【バイク事故判例⑫】バイクが狭い道路を走行中、対向四輪車と衝突し、生殖器の障害等(後遺障害10級)が残った30代女性のケース
(平成31年4月22日東京地裁判決/出典:交民 52巻2号455頁等)
関係車両
バイク(普通自動二輪車)vsトラック(中型貨物自動車)
事故の状況
事故現場は、幅員が約3㍍と狭く(中央線なし)、湾曲して見通しの悪い道路。
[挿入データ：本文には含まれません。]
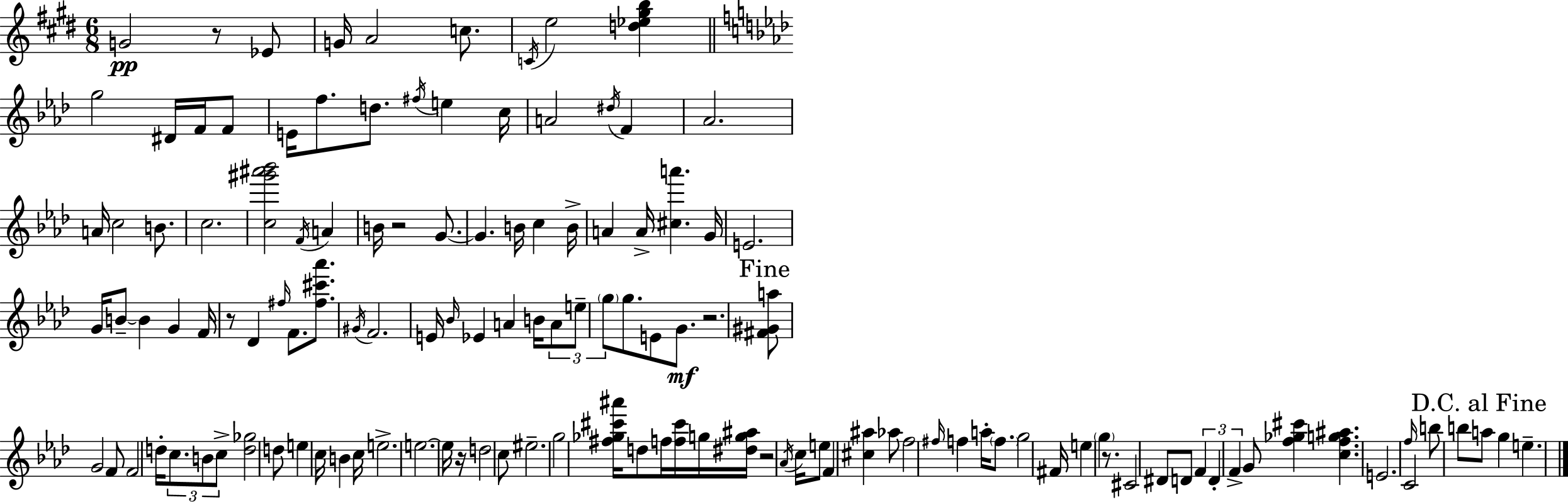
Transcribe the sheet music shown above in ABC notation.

X:1
T:Untitled
M:6/8
L:1/4
K:E
G2 z/2 _E/2 G/4 A2 c/2 C/4 e2 [d_e^gb] g2 ^D/4 F/4 F/2 E/4 f/2 d/2 ^f/4 e c/4 A2 ^d/4 F _A2 A/4 c2 B/2 c2 [c^g'^a'_b']2 F/4 A B/4 z2 G/2 G B/4 c B/4 A A/4 [^ca'] G/4 E2 G/4 B/2 B G F/4 z/2 _D ^f/4 F/2 [^f^c'_a']/2 ^G/4 F2 E/4 _B/4 _E A B/4 A/2 e/2 g/2 g/2 E/2 G/2 z2 [^F^Ga]/2 G2 F/2 F2 d/4 c/2 B/2 c/2 [d_g]2 d/2 e c/4 B c/4 e2 e2 e/4 z/4 d2 c/2 ^e2 g2 [^f_g^c'^a']/4 d/2 f/4 [f^c']/4 g/4 [^dg^a]/4 z2 _A/4 c/4 e/2 F [^c^a] _a/2 f2 ^f/4 f a/4 f/2 g2 ^F/4 e g z/2 ^C2 ^D/2 D/2 F D F G/2 [f_g^c'] [cfg^a] E2 C2 f/4 b/2 b/2 a/2 g e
妻を同乗させてバイク走行中、対向進行してきたトラックと道路中央付近ですれ違った際、トラックのバックミラーとバイク運転者のヘルメットが接触し、バイクが転倒し、同乗の妻が下記の障害等を負った。
けが(傷害)
左仙骨臼蓋骨折、左座骨骨折、右恥骨骨折、第2・第3腰椎横突起骨折等
入院等の期間
①入院3ヶ月(87日)
②通院約1年10ヶ月(実日数は12日)
後遺障害
生殖器の障害(恥骨部痛等を含む)(11級相当)、左仙骨臼蓋骨折・左坐骨骨折後の左股関節痛(12級13号)、左大腿部の知覚障害、左下肢の知覚障害感覚障害等(12級13号)により、併合10級相当
過失の割合
バイク40%、トラック60%
判決のポイント
①過失割合(過失相殺)
双方とも、幅員が狭い上、湾曲して見通しの悪い本件道路を走行するに当たり、その道路状況に応じて前方を注視し、適切な速度調整等を行って進行すべき義務を怠った過失があるとして、本件事故がバイクと四輪車との事故であることを考慮し、過失割合を、バイク4割、トラック6割とした。
②逸失利益
被害者は、有職の主婦(日本刀のレプリカの製作販売業)。日本刀のレプリカの製作・販売業務によって高額の収入を継続的に得られていたとは認められないから、逸失利益の算定に当たって、その基礎収入は、家事従事者であることを前提に、賃金センサス(平成28年女性労働者・全年齢学歴計平均賃金376万2300円)によるとした。また、各後遺障害のうち生殖器の障害は、その等級どおりの喪失率をもって労働能力に影響が生じているとはいえないとして、労働能力喪失率を20%(併合11級相当)とし、労働能力喪失期間は、67歳までの30年間として、逸失利益を認めた。
③慰謝料(後遺障害分)
被害者は、後遺障害により自然分娩が困難となり、出産の際に帝王切開を余儀なくされることに照らすと、将来に対する不安の程度はより大きいものがあると述べ、600万円を認定した。
小林のコメント
後遺障害11級の慰謝料は通常420万円程度のところ、本件では、上記の事情を汲んで大幅に増額されました。